(Image-text web data)
----------
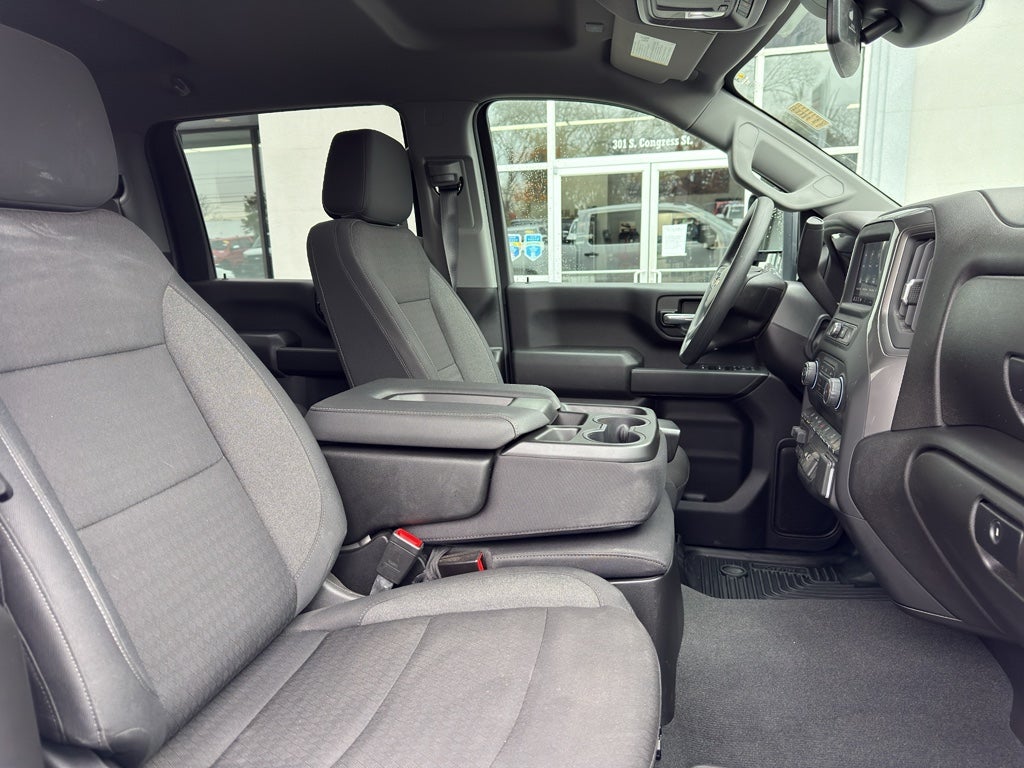 2025 Chevrolet Silverado Custom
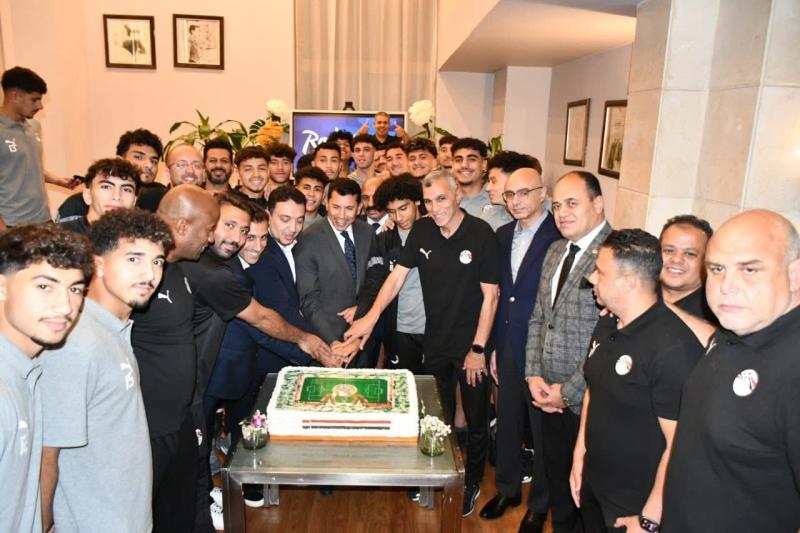 وزير الشباب والرياضة يؤازر منتخب الشباب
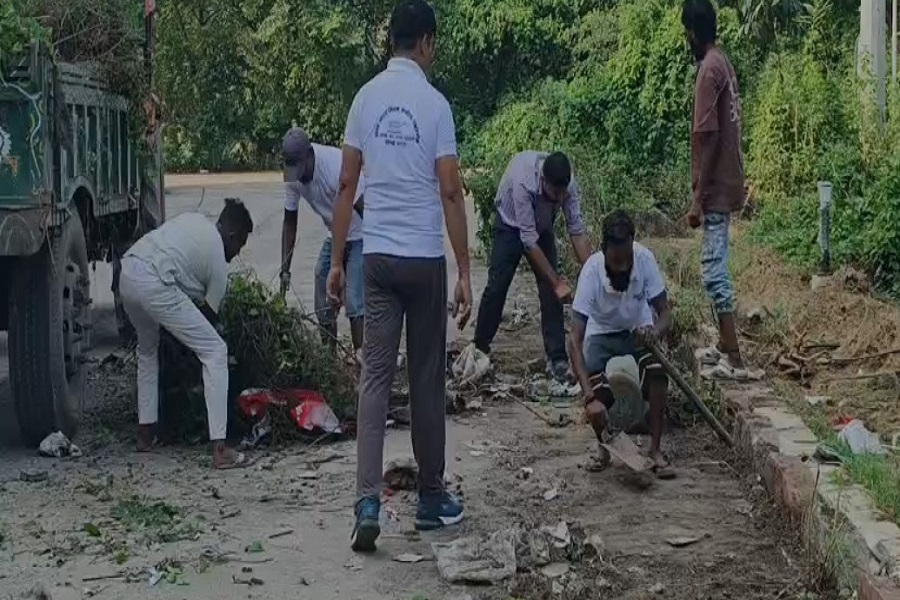 सामूहिक श्रमदान से स्वच्छ और सुंदर गिरिडीह बनाने की अपील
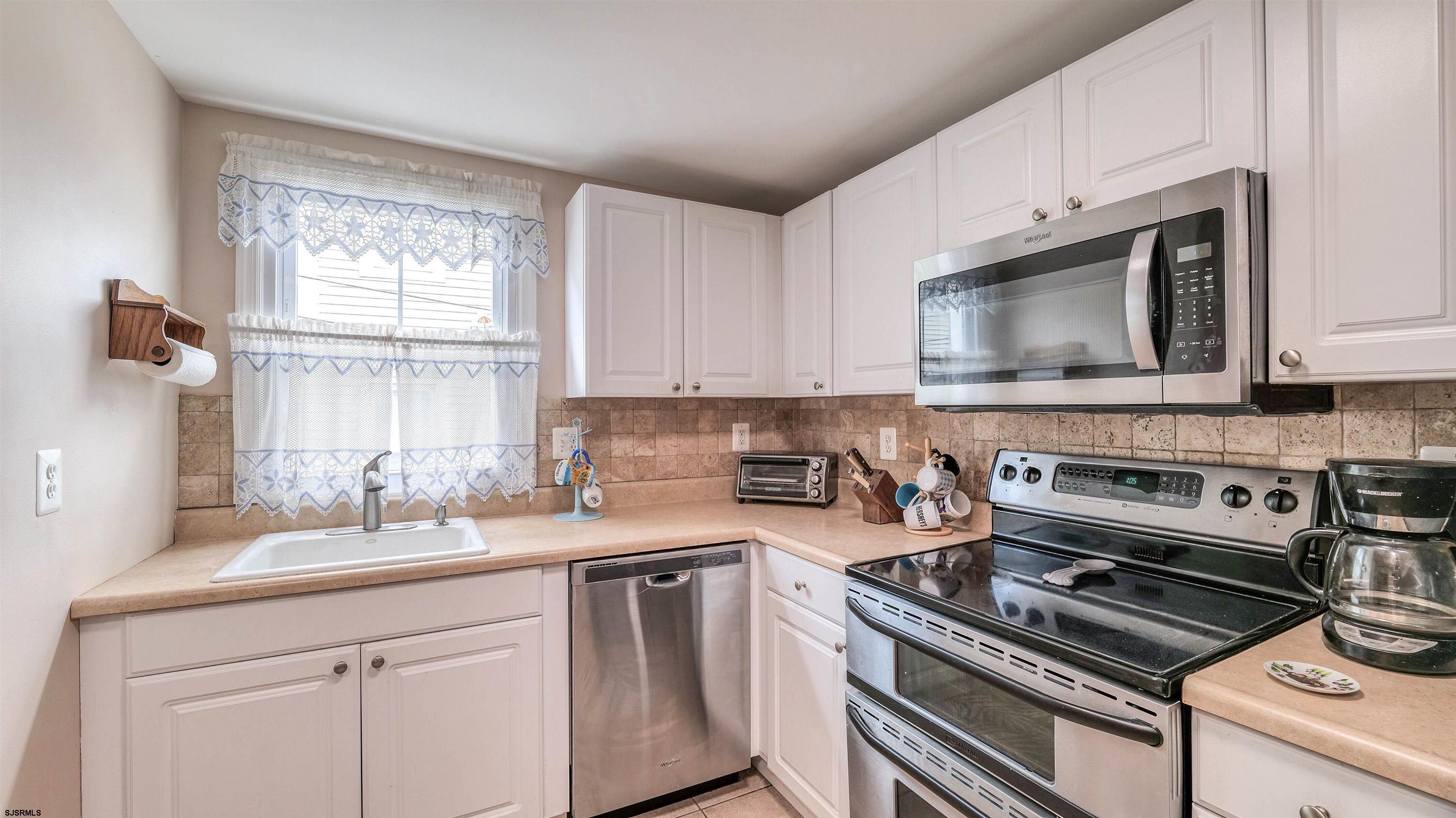 420 Central Ave Unit: 2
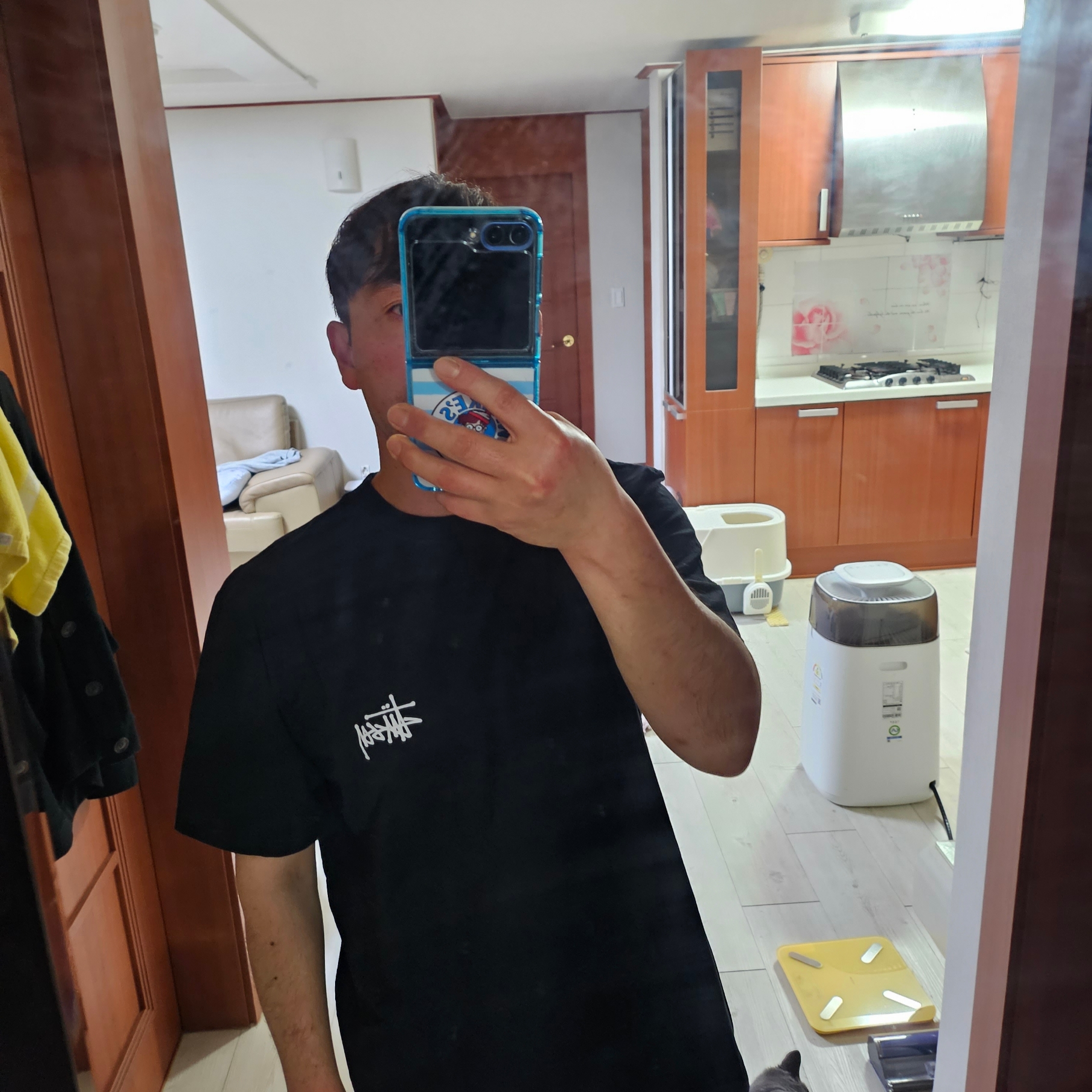 Stussy Melted T-Shirt Black 착용 스타일 - 2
----------
About this exercise: Pictures stay out; the data above is to be returned exactly.

Response to this exercise:
 2025 Chevrolet Silverado Custom
 وزير الشباب والرياضة يؤازر منتخب الشباب
 सामूहिक श्रमदान से स्वच्छ और सुंदर गिरिडीह बनाने की अपील
 420 Central Ave Unit: 2
 Stussy Melted T-Shirt Black 착용 스타일 - 2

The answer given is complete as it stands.